YARGITAY KARARI
DAİRE : 6. Hukuk Dairesi
ESAS NO : 2015/896
KARAR NO : 2015/1398
KARAR TARİHİ : 16.02.2015
MAHKEMESİ : İstanbul Anadolu 3. İcra Hukuk Mahkemesi
TARİHİ : 29/05/2014
NUMARASI : 2014/316-2014/496
İcra mahkemesince verilmiş bulunan yukarıda tarih ve numarası yazılı karar, davalı tarafından süresi içinde temyiz edilmiş olmakla, dosyadaki bütün kağıtlar okunup gereği görüşülüp düşünüldü.
Davacı alacaklı tarafından davalı borçlu hakkında kira alacağının tahsili amacıyla tahliye istekli olarak başlatılmış olan icra takibine davalı borçlu tarafından itiraz edilmemesi nedeni ile icra takibi kesinleşmiştir. Bunun üzerine davacı alacaklı süresinde İcra Mahkemesine başvurarak temerrüt nedeni ile kiralananın tahliyesini istemiştir. Mahkemece istemin kabulüne karar verilmesi üzerine karar davalı borçlu tarafından temyiz edilmiştir.

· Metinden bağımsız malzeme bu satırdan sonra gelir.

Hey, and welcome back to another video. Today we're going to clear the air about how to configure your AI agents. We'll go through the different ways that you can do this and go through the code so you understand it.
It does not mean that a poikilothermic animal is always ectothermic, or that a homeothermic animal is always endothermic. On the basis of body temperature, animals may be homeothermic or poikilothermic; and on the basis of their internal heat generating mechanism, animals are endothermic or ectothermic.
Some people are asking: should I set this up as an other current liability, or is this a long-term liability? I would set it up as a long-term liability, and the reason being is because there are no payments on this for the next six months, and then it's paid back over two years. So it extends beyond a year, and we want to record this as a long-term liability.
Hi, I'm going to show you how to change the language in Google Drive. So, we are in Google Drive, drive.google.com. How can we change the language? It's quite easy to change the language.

1-Dosya kapsamına toplanan delillere, kararın dayandığı gerekçeye göre davalının aşağıdaki bendin kapsamı dışındaki temyiz itirazları yerinde değildir.
2-Davalının ödemeye ilişkin temyiz itirazına gelince;
Türk Borçlar Kanununun 315.maddesi hükmü uyarınca temerrüt nedeniyle tahliyeye karar verilebilmesi için istenen kira parasının muaccel (istenebilir) olması ve bu kira bedelinin verilen otuz (30) günlük sürede ödenmemiş bulunması ve ihtarnamede verilen süre içerisinde kira parasının ödenmemesi halinde akdin feshedileceğinin açıkça belirtilmesi gerekir.

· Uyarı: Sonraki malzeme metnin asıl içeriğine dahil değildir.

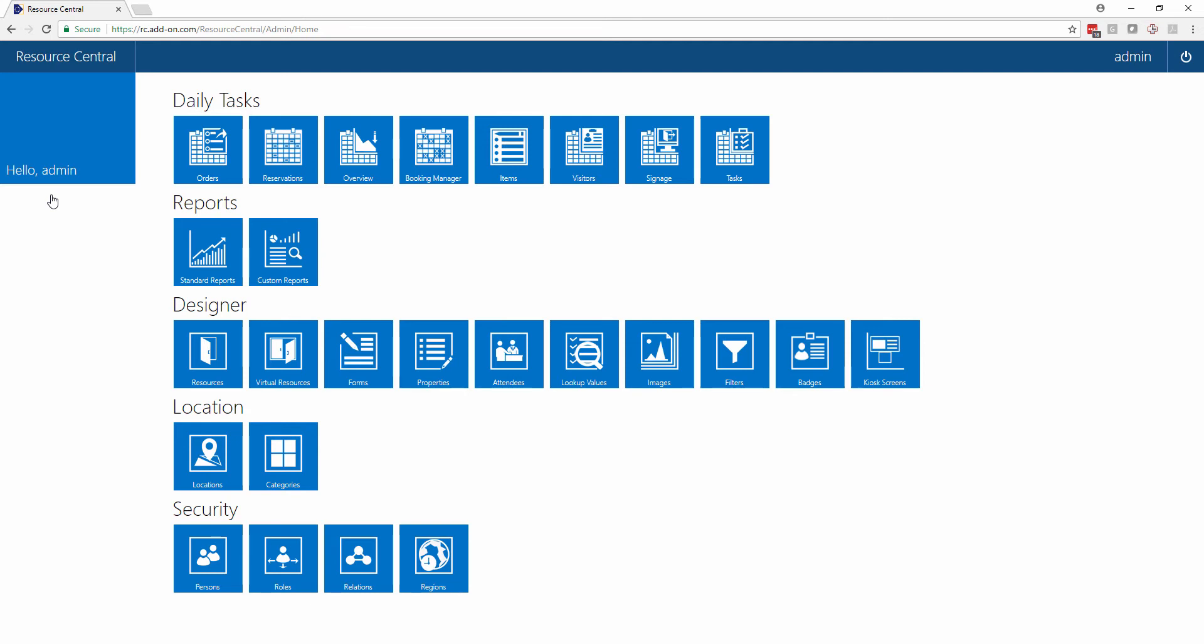Here we can see that there are a lot of icons, and these are all of the different icons which you can assign to different types of service providers. There's lots of daily task apps up here at the top including the orders which we've already seen, the booking manager, and the visitors.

Takip de dayanılan ve karara esas alınan 01/01/2003 başlangıç tarihli ve bir yıl süreli kira sözleşmesi konusunda taraflar arasında bir uyuşmazlık bulunmamaktadır. Davacı alacaklı tarafından 03/02/2014 tarihinde başlatılmış olan icra takibi ile 2014 yılı Ocak ayı kirasının tahsili istenmiştir. Davalı borçlu temyiz dilekçesi ile birlikte 08/04/2014 tarih 4.500,00 TL bedelli – 05/03/2014 ve 3.000,00 TL bedelli – 10/02/2014 tarih ve 5.000,00 TL bedelli üç adet ödeme belgesi sunmuştur.
Her ne kadar temyiz aşamasında sunulsa da hükmün esasını etkileyen bu belgelerin yeniden değerlendirilerek sonucuna göre bir karar verilmesi gerekirken yazılı şekilde karar verilmesi doğru değildir.

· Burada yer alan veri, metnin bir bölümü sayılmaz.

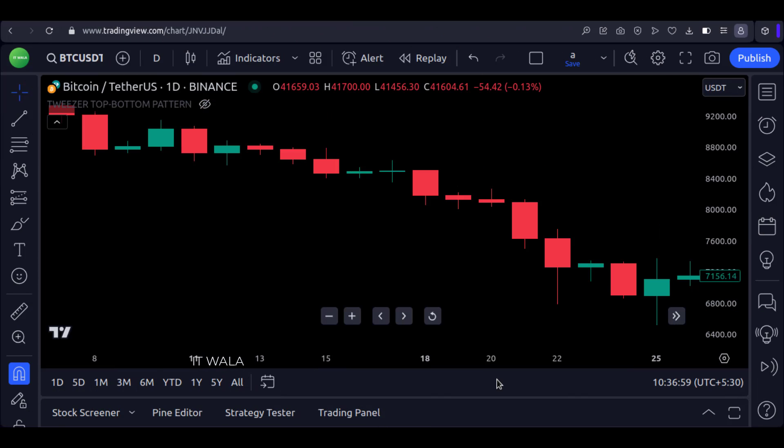I'm thinking of creating a trading strategy using these tweezer patterns. Let me know in the comments section if you guys are interested in it. Thanks for watching.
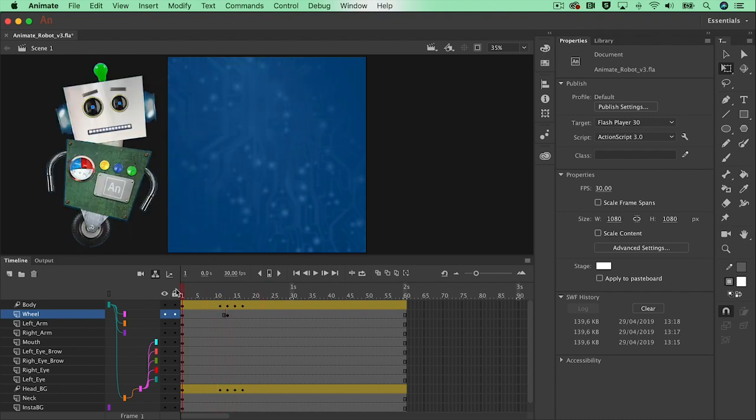So this is how you work with motion tween and combining it with graphic symbols. And in the next video we will bend the arms with another technique.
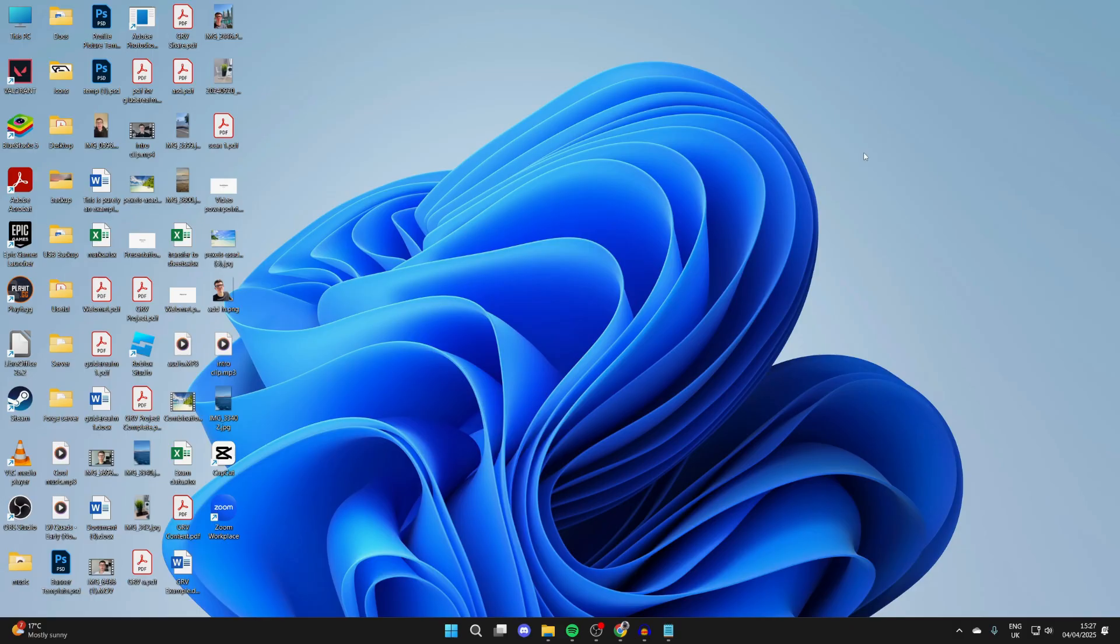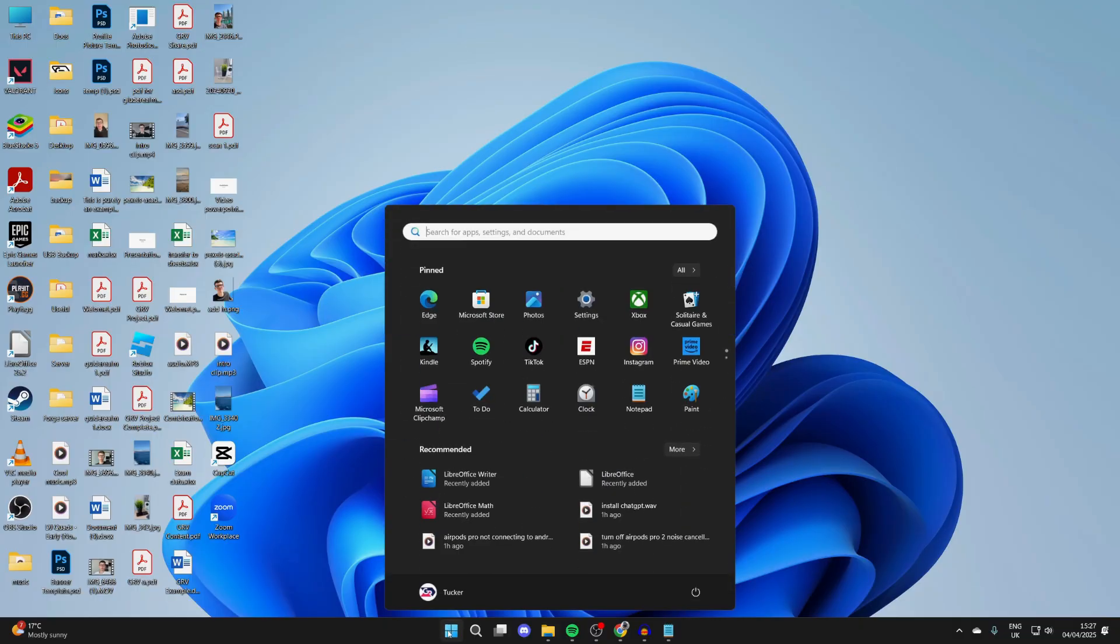To do that, press the Windows start button at the bottom, go over to the right and press the power button, and click Restart.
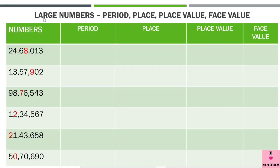Most children get confused by these three things, so I will take many examples and try my level best to clarify this concept. I will do this with the help of a PowerPoint presentation. Let us study how to write the period, place, place value, and face value of the digits highlighted in red color in these numbers. This is a favorite question with most examiners, and children make maximum mistakes here.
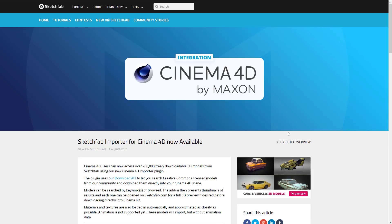Next up, we have Cinema 4D — which I just talked about the other day regarding its new pricing in the next version. Cinema 4D users now have access to downloadable free models from Sketchfab using the Cinema 4D importer plugin. So if you're a Cinema 4D user, you can now download directly from Sketchfab into Cinema 4D using their new plugin.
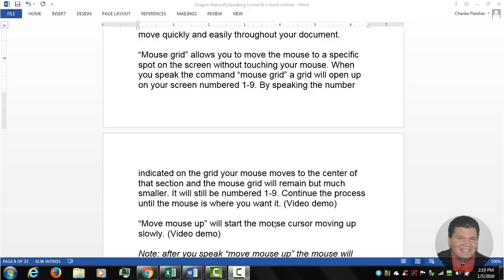Hello, my name is Charles Flation, the Dragon Voice Recognition Pro, and today I'm going to show you how to use the mouse grid to move your mouse around.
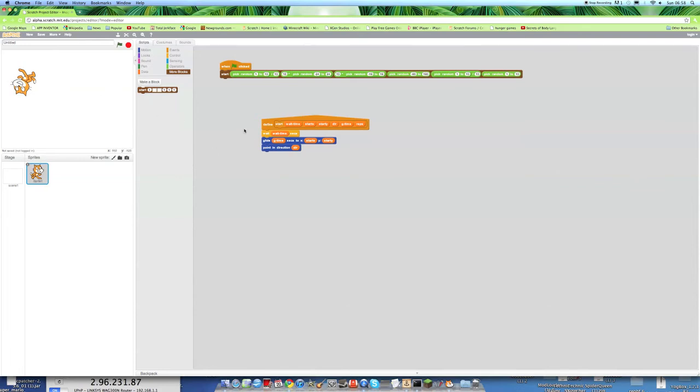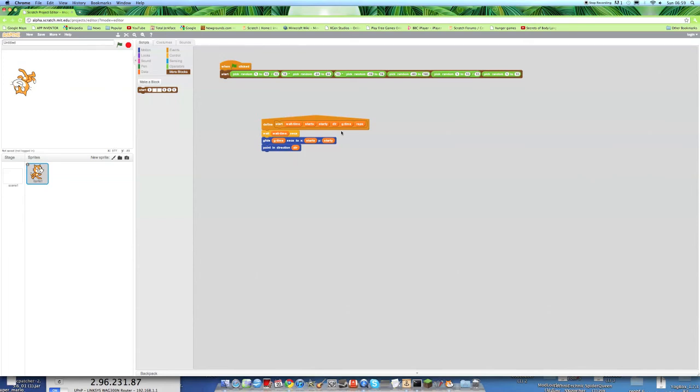So each one of these blocks you see here represents a different element of the project. So here is the wait time, which is wait time seconds, the Start X, so the X position that he starts in, Start Y, the Y position that he goes to, the direction when he gets there, the time it takes him to glide, and this is a failed attempt one, and I won't talk about it right now.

Bu durumda mahkemece temyiz dilekçesine ekli ödemeye ilişkin, borcu sona erdiren belgelerden olan banka dekontları üzerinde durulması, temerrüt olgusunun oluşup oluşmadığının değerlendirilmesi ve sonucuna göre hüküm kurulması gerekir.
Karar bu nedenle bozulmalıdır.
SONUÇ:Yukarıda açıklanan nedenlerle temyiz itirazlarının kabulü ile 6100 sayılı HMK.ya 6217 Sayılı Kanunla eklenen geçici 3.madde hükmü gözetilerek HUMK.nın 428 ve İİK.nın 366.maddesi uyarınca kararın BOZULMASINA, istek halinde peşin alınan temyiz harcının temyiz edene iadesine, 16.02.2015 tarihinde oybirliğiyle karar verildi.